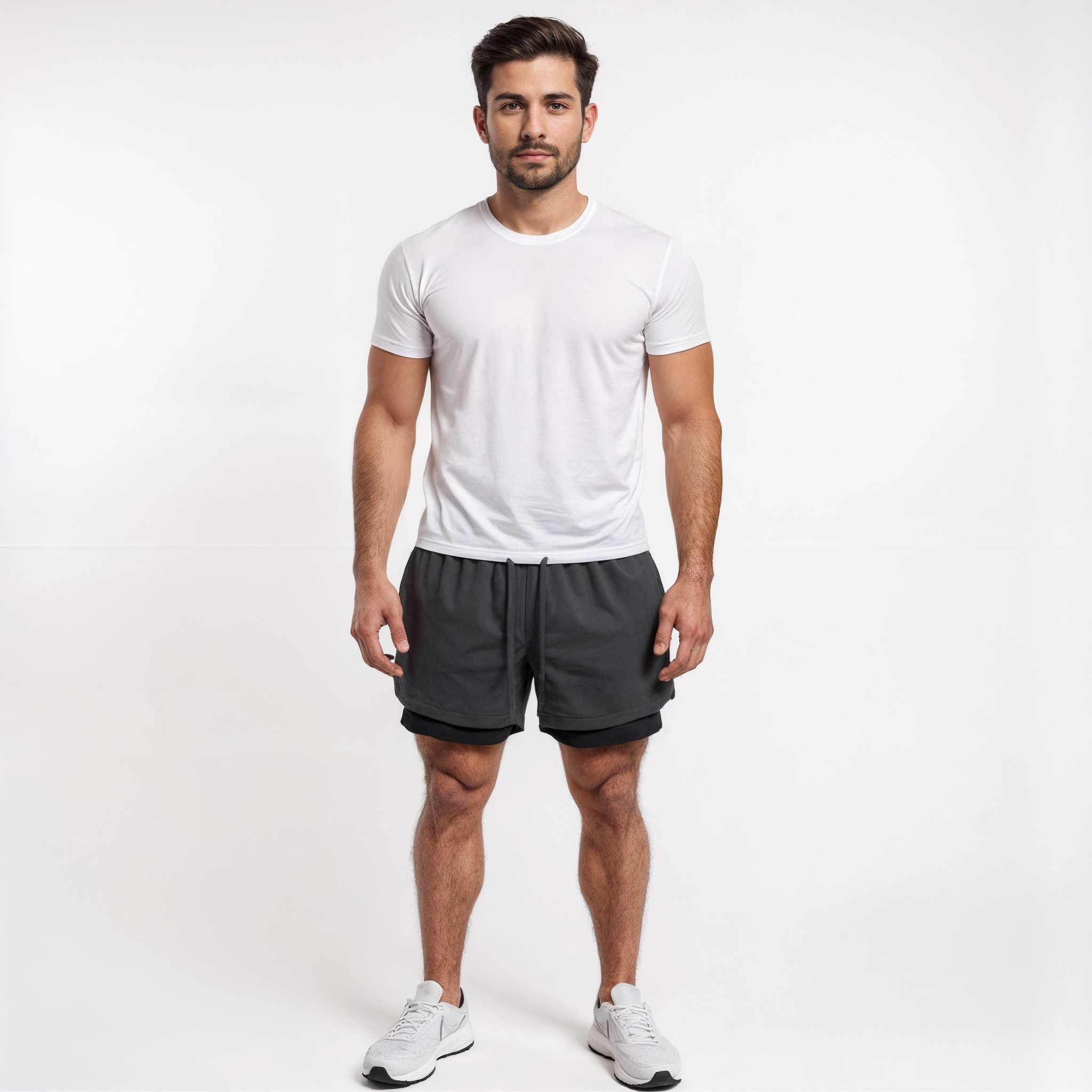 Shorts De Fitness Con Forro Interior Elástico Miguel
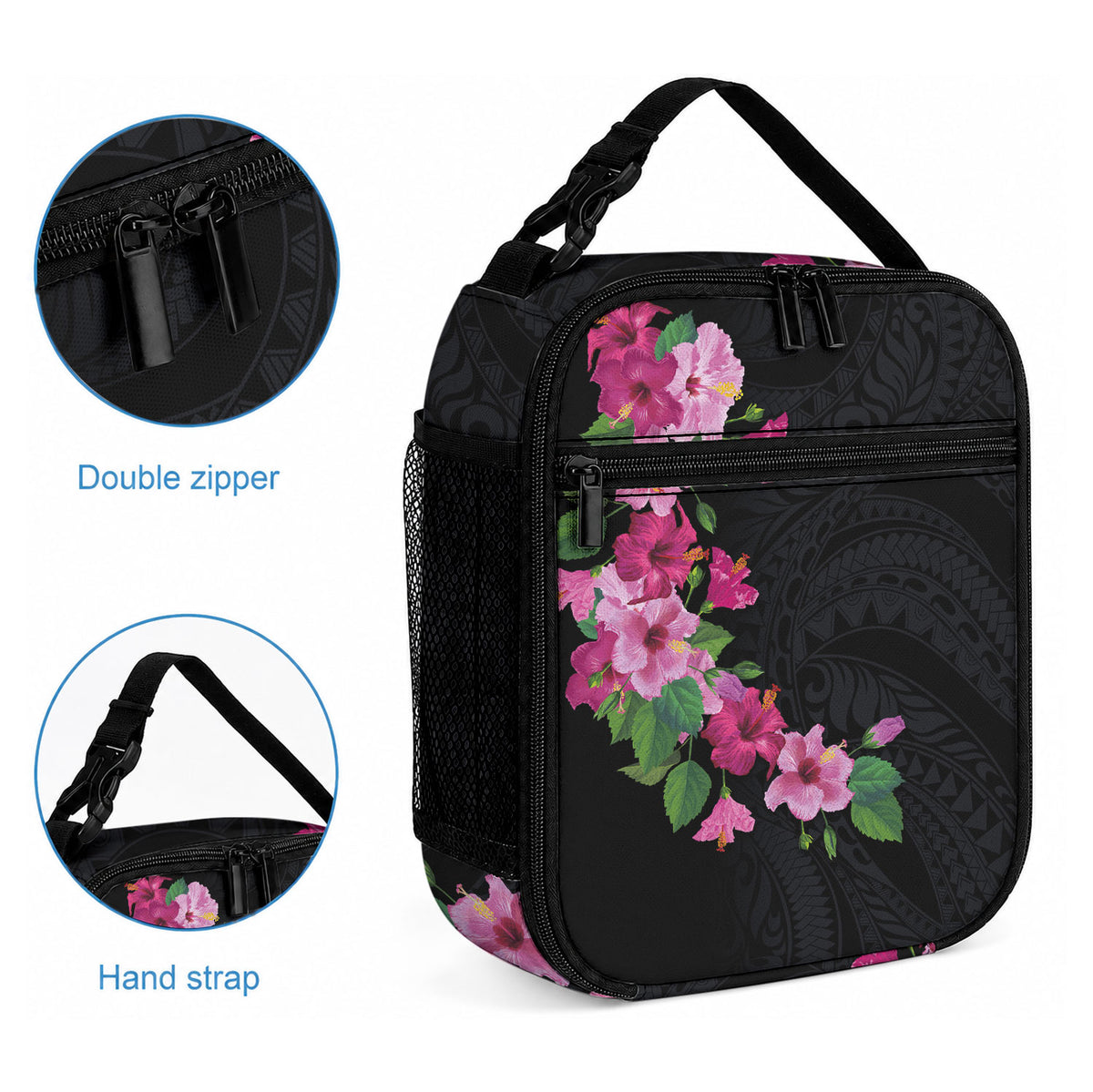 Hawaiian Hibiscus and Art Polynesian Tattoo Lunch Bag LT03 - Polynesian Pride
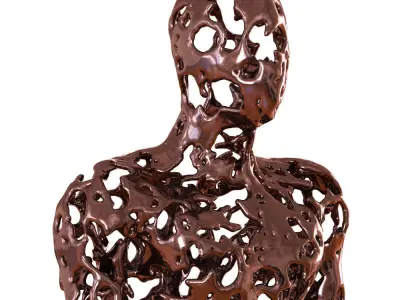 Men metal figurine 3D model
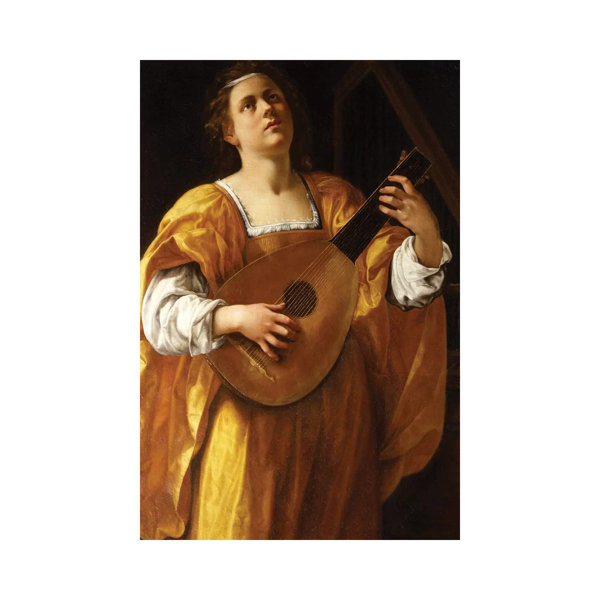 Rosalind Wheeler Saint Cecilia, 1620 by Wrapped Canvas Painting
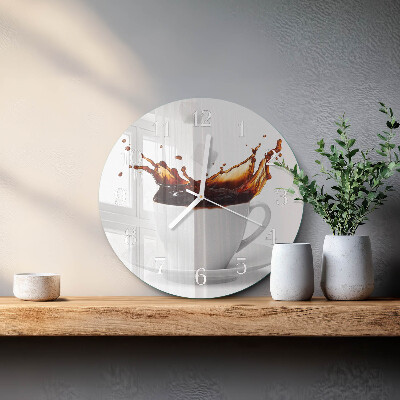 Reloj de pared redondo Café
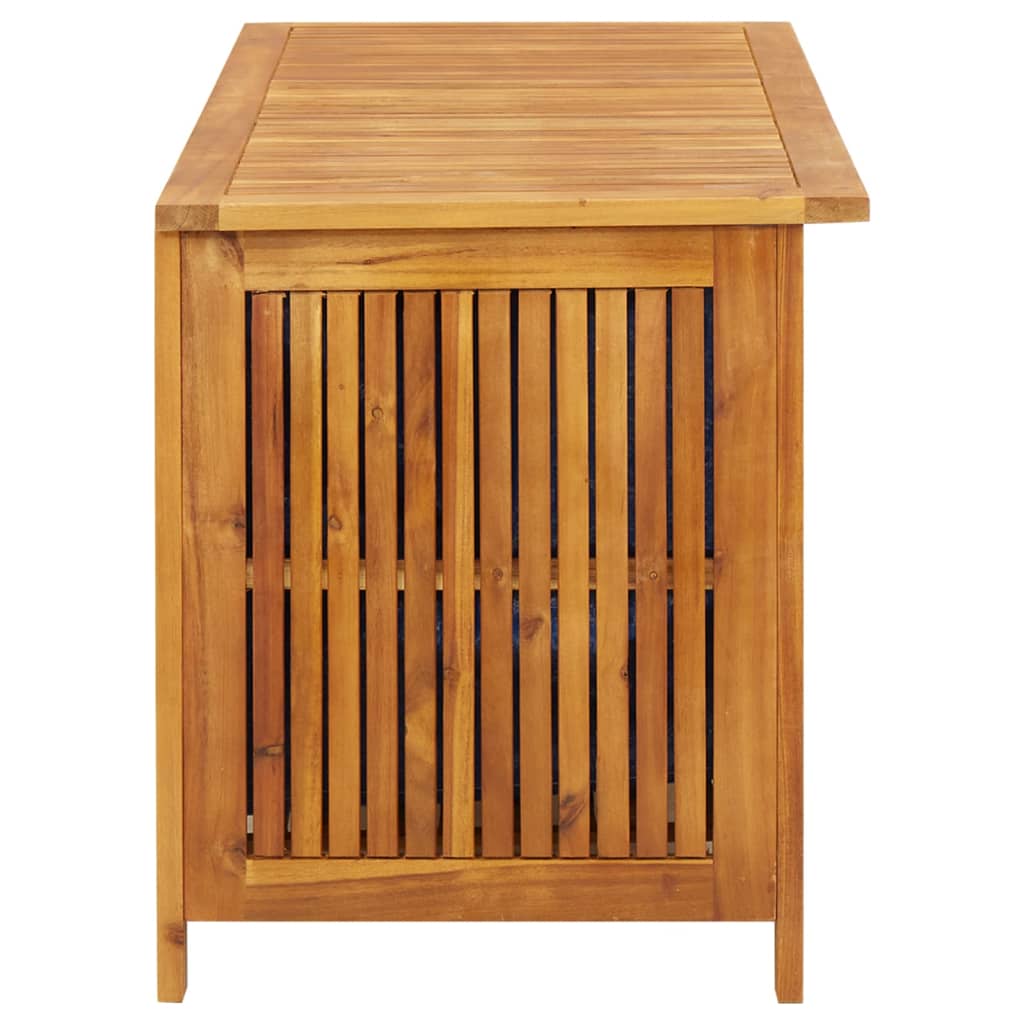 vidaXL Outdoor Storage Wooden Patio Storage Box for Garden Solid Wood Acacia-67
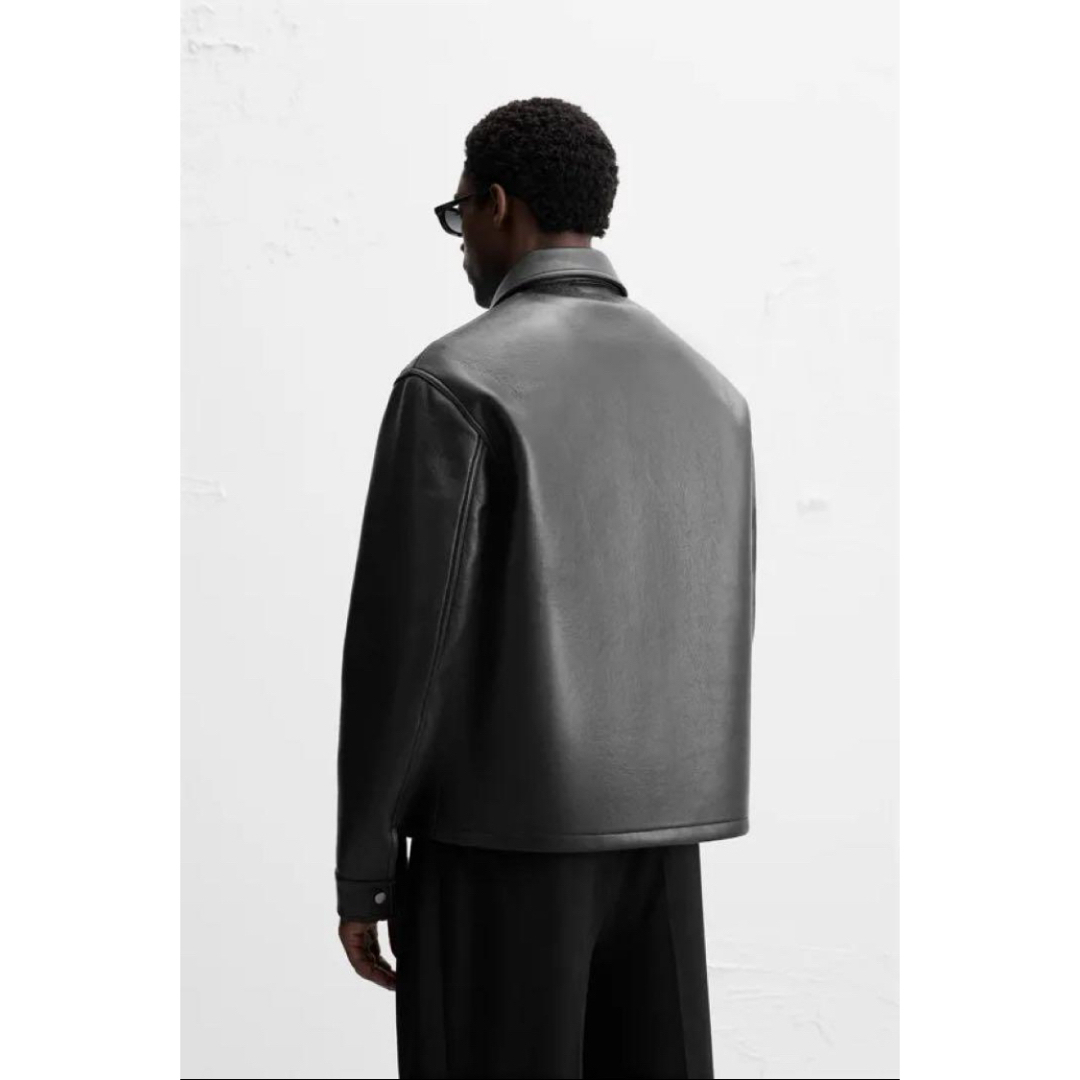 ZARA - 送料無料 新品 ZARA フェイクレザージャケット USサイズ ZARA - 送料無料 新品 ZARA フェイクレザージャケット USサイズ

######

Required work:
None of the pictures belong in the result. Print exactly the lines from the one containing "Rosalind Wheeler Saint" through the final line of the entries.

Response to this task:
 Rosalind Wheeler Saint Cecilia, 1620 by Wrapped Canvas Painting
 Reloj de pared redondo Café
 vidaXL Outdoor Storage Wooden Patio Storage Box for Garden Solid Wood Acacia-67
 ZARA - 送料無料 新品 ZARA フェイクレザージャケット USサイズ ZARA - 送料無料 新品 ZARA フェイクレザージャケット USサイズ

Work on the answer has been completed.